Il importe donc de se prémunir contre ce genre de fantasmes, même bien intentionnés. La méthode est donc requise : l’approche d’Anne Gonon, à cet égard, est essentiellement statistique – ce « Que sais-je ? » est riche de données chiffrées, et précises… même si, à l’occasion, ces données ne trahissent que davantage le caractère daté de l'ouvrage : comparer les revenus et les prix en francs, ma foi… Bien sûr, l’approche statistique en tant que telle ne garantit pas forcément d’éviter de sombrer dans les stéréotypes – mais elle fournit un socle à l’interprétation.
Ce « Que sais-je ? », comme finalement un certain nombre de ses semblables, est par ailleurs assez dense – et d’une lecture éventuellement aride, a fortiori quand les chiffres sont de la partie.
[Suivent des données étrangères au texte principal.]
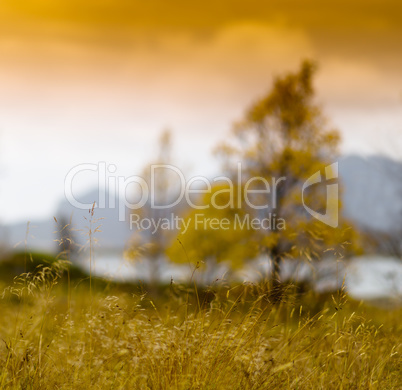 Square vivid Norway autumn bokeh fjord tree landscape background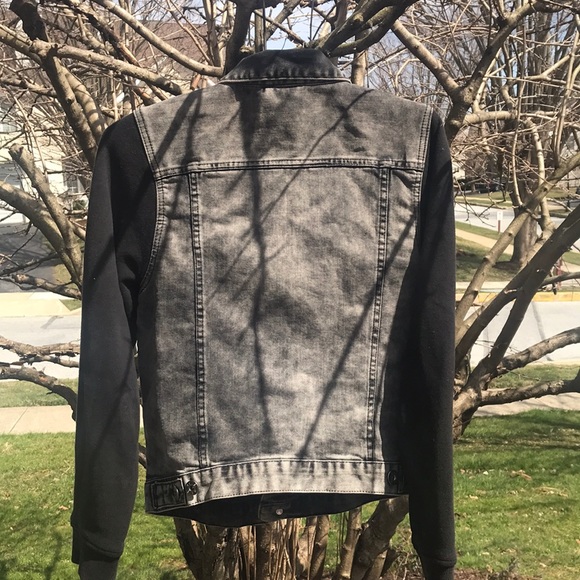 Jacket - Picture 4 of 5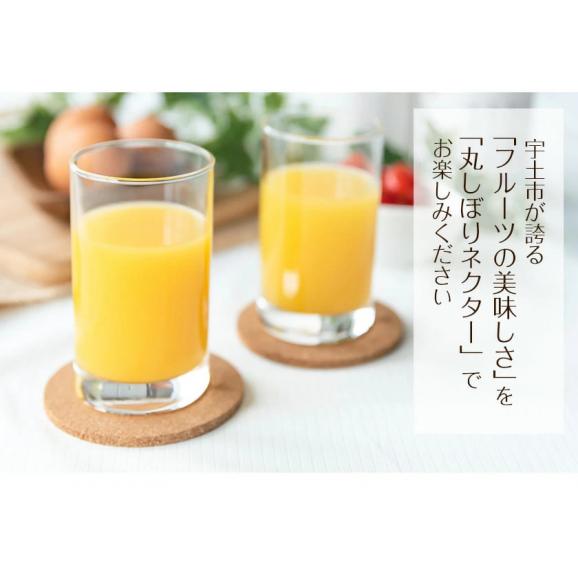 ウトブランド 丸しぼりネクター 720ml×2本 熊本県 宇土産 デコポン 不知火 ネーブル 送料無料 プレゼント ドリンク ギフト お取り寄せ おグルメ 7-14営業日以内に出荷(土日祝日)04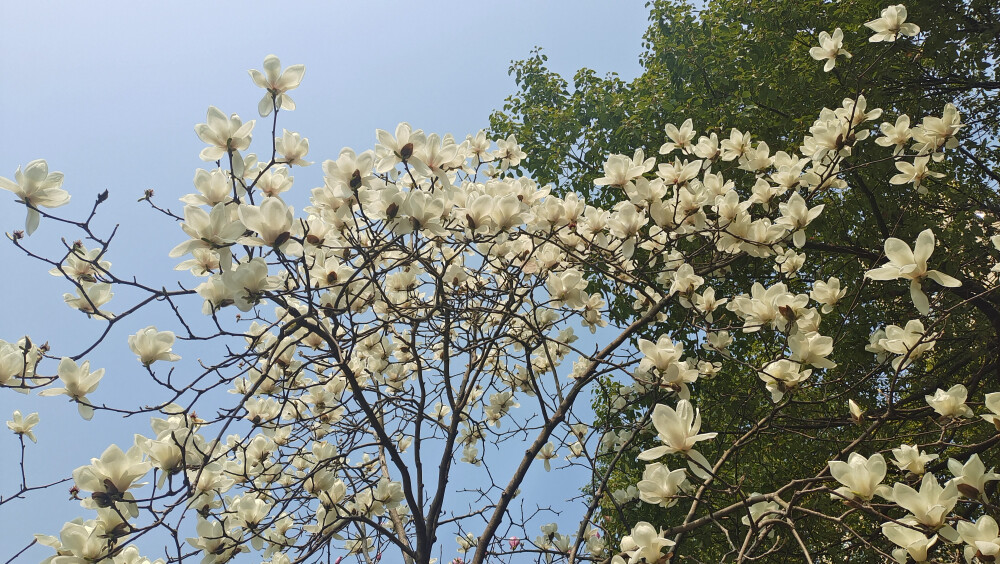 美丽吉安之春韵：玉兰花开 春意渐浓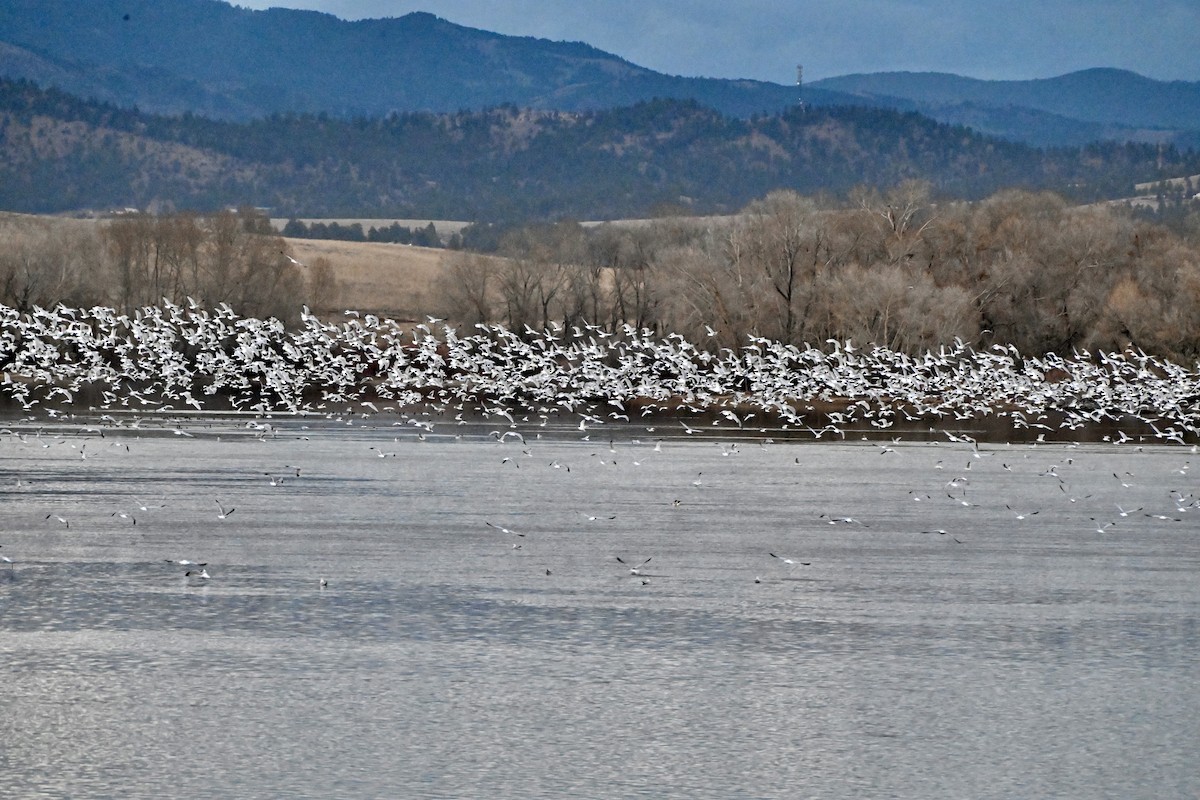 Ring-billed Gull - ML645483726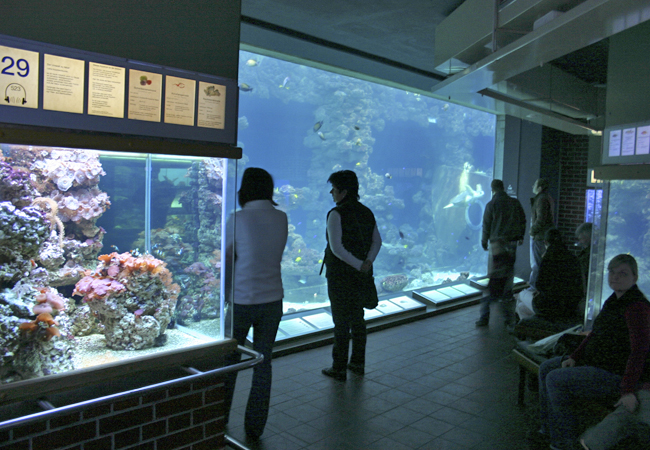 Meeresmuseum Stralsund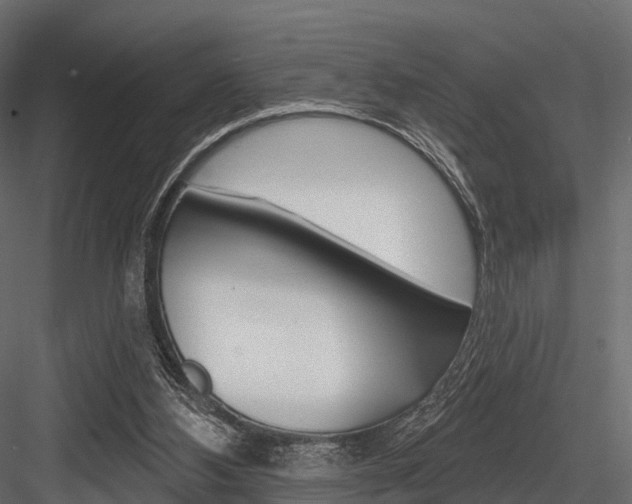 X0000084560108200702231012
Je ne peux certes pas en faire un compte rendu « exhaustif ». J’ai donc pioché dans quelques thèmes « généraux », pour donner une (brève) idée du contenu, sans rentrer dans les détails, mais il y a bien plus dans ces 128 pages – à titre d’exemple, j’ai trouvé fort intéressants les très brefs développements consacrés au rapport à la loi, plus spécifiquement dans le cadre de l’action politique… Mais restons-en ici à des choses plus « globales ».
FORMES DU GROUPE ET CRISE DES MODÈLES
Même au-delà de la nippologie du « groupisme », qui, dans ses formes les plus extrêmes, va jusqu'à prétendre que « l’individu n’existe pas au Japon », il n’en reste pas moins que le rapport au groupe est un questionnement anthropologique fondamental et qu’on ne saurait contourner.
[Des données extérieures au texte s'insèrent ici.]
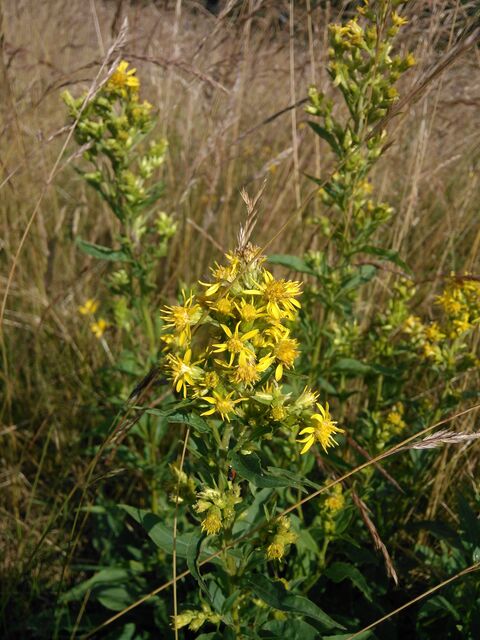 Gigabyte GSmart Simba SX1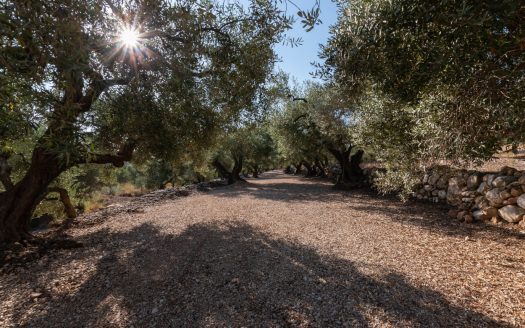 Finca d’oliveres amb bones vistes (412)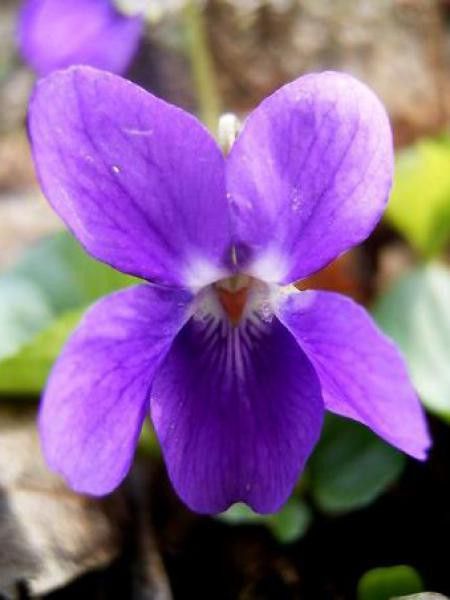 Fleurs cultivées ; Violette de Parme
L’individu est sans doute inscrit dans plusieurs groupes, éventuellement très divers (en fait, j’y reviendrai, dans le cadre des sociabilités associées à la culture et aux loisirs), mais deux sont sans doute primordiaux, qui se voient consacrer d’assez longs développements (et assez arides, dois-je dire – c’est aussi pour cette raison que je ne me sens pas de m’étendre ici outre-mesure sur la question…) : la famille, et l’entreprise. Or ces deux groupes sont en crise – la famille, c’était déjà le cas en 1996, et l’entreprise, ça l’était peut-être déjà, mais ça l’est en tout cas de plus en plus. On peut parler ici d’une crise des modèles, dès lors.
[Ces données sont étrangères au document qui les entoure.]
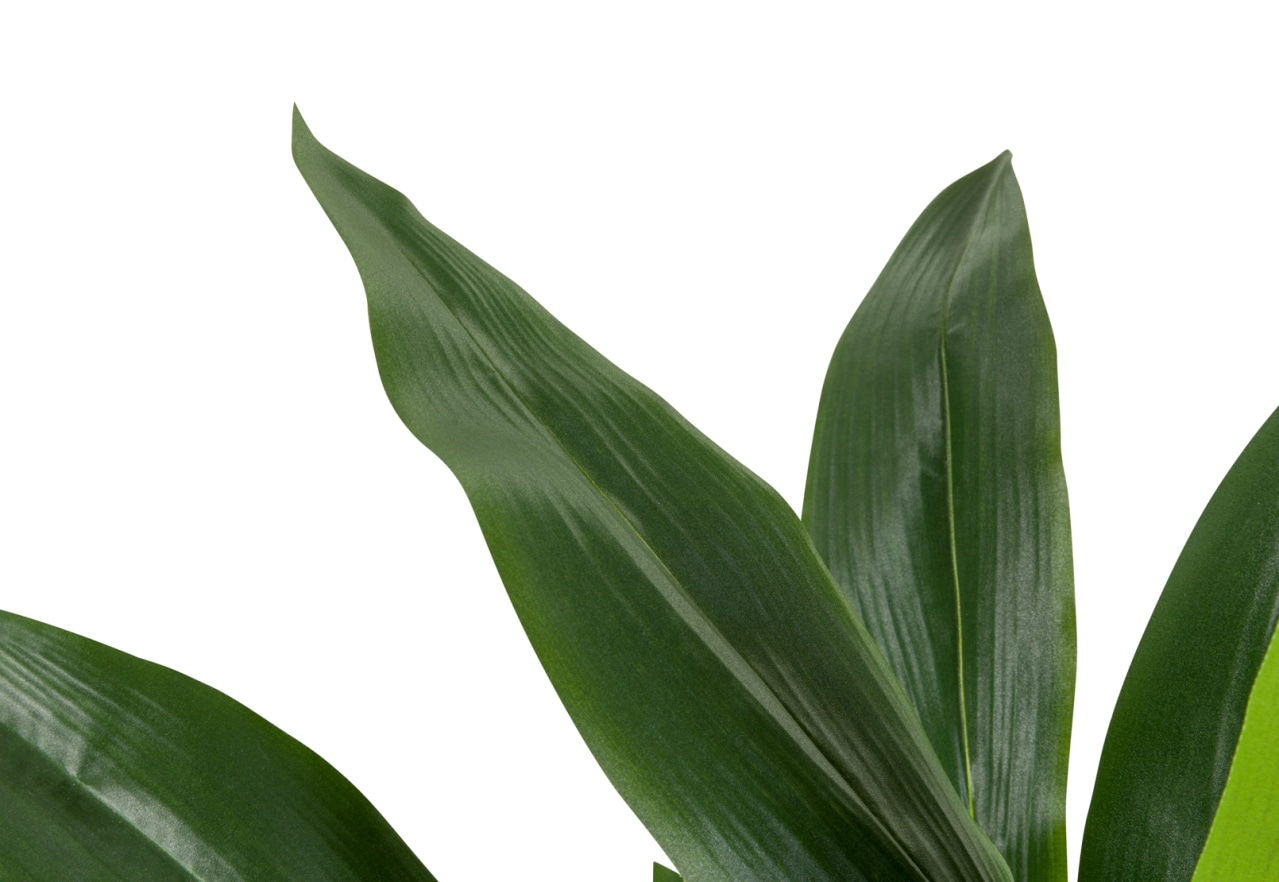ASPIDISTRA Artificial Plant 60CM – image 3 of 4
Or ces structures sont si prégnantes que l’on ne peut pas vraiment les étudier isolément, d’autant que leurs transformations affectent nécessairement d’autres dimensions de la société japonaise. Par exemple, la question de la famille impose d’envisager la division sexuelle du travail, disons, mais elle peut aussi avoir des connotations politiques – le passage du modèle traditionnel de la « maison », ie, à la famille nucléaire, kazoku, peut influer sur la conception de l’État ; mais, très concrètement, cela a aussi et peut-être d’abord des conséquences d’ordre religieux, du fait de la place accordée au Japon au culte des ancêtres, dans le contexte même du foyer (et c’est dans ce cadre que demeurent quelques ultimes soubresauts du système ie).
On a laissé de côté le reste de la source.